We are approaching some final bouts of the silly season before the Senate passes its … er… Insurance Industry Racket Protection Act…
… Okay, you know what? I have a bit of a thought process on the acceptance / unacceptance level for that electorate segment that’s supposed to be aligned behind Obama, the Democrats, and this bill. It goes back to a discussion I’ve seen splitting the difference in definitions of “LIberal” and “Progressive”. I’ll have to… urm… blog on it.
But that’s beside the point here. We have a few buffoons that need to be mentioned. Michael Moore, for one. Michael Moore “tweeted” out a call for a boycott of the state of Connecticut if the state doesn’t pull together a serious Recall effort for Joseph Lieberman. I am not that much a fan of blind, undirected political rage. There is no such thing as a Serious Senate Recall Effort — there are no legal provisions for such a thing.
Rolling into the Senate Filibuster Cloture vote, Tom Coburn — the Junior Insane Senator from Oklahoma (Inhofe is the Senior Insane Senator from Oklahoma) asked for prayers that a Senator might not make it to the vote for cloture. Naturally, this was speculated not to be so much a general call, but a specific reference to the wheel chair bound 93 year old Senator Robert Byrd. I am one that does not think Coburn necessarily had Senator Byrd in mind when making his statement. While it just happens that Byrd is in position to fulfill Coburn’s scenario, I still think Coburn was being a general-directed ahole as opposed to a specific-directed ahole. But just for the heck of it, I’ll pull all in to the speculation: maybe he was calling for a lone activist to push Senator Byrd’s wheel chair down an icy hill? That’s the ticket!
Something worth noting, though: my inflamatory and mildly irresponsible speculation about references to lone nuts tossing down Byrd’s wheel-chair would be moot if not for a Republican Whip job that set three Republican Senators ready to stray over to the cloture vote. I don’t know if these three were the “Moderate” Republicans — and, frankly, I don’t know who the third figure of such a triumvarite would be alongside the two Maine Senators — or if there’s this ideologically but not necessarily partisan conservative with his or her own rules of Senate Decorum. Something pops up in my mind about this one, though. If they had come to that spot earlier and more definitely, the ugly pork politics of the so called “Louisiana Purchase” and the “Cornhusker Kick-back” would not have fallen into this bill. I think it is fair to blame these contortions of Health Care policy on the sheer force of the strategy that holds a firm 40 vote Filibuster block — ergo, a portion of the mildly exasperating items in this bill are the Republicans’ faults, notwithstanding the statement that “The Democrats own it!”

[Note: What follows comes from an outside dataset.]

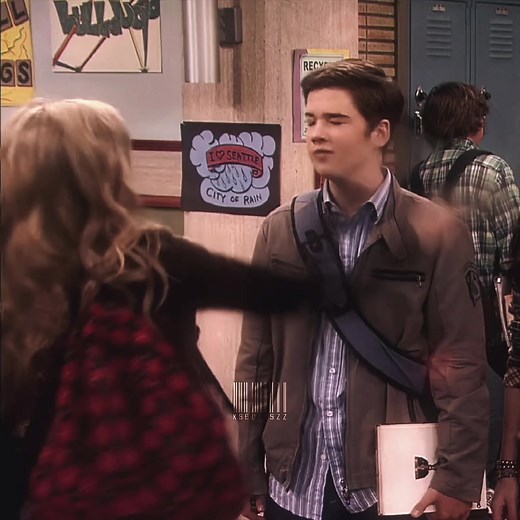 Cute Fight Moments in iCarly | Sam & Freddie Edit 2022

One last curious item, one final buffoon in addition to Michael Moore and Tom Coburn I need to mention. Ralph Nader threw himself into a bid for relevance with his two cents, lining himslef up somewhat though in supercharged manner behind statements made by Howard Dean. That’s alright, so far as it goes. The more disturbing item from Ralph Nader, and it is not his first time in stating this, was making the racial reference to Barack Obama as an “Uncle Tom”. This is sure to endear himself with someone or other, everyone and anyone — right?